• _Task brief_
What is wanted is an exact copy of all the entries.

#### Data to use ####

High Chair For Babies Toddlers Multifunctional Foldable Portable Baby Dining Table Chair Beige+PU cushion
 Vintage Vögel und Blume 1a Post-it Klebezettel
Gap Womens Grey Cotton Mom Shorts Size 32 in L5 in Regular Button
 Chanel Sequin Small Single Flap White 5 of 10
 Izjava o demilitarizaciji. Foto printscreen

####

• _Finished exercise_
High Chair For Babies Toddlers Multifunctional Foldable Portable Baby Dining Table Chair Beige+PU cushion
 Vintage Vögel und Blume 1a Post-it Klebezettel
Gap Womens Grey Cotton Mom Shorts Size 32 in L5 in Regular Button
 Chanel Sequin Small Single Flap White 5 of 10
 Izjava o demilitarizaciji. Foto printscreen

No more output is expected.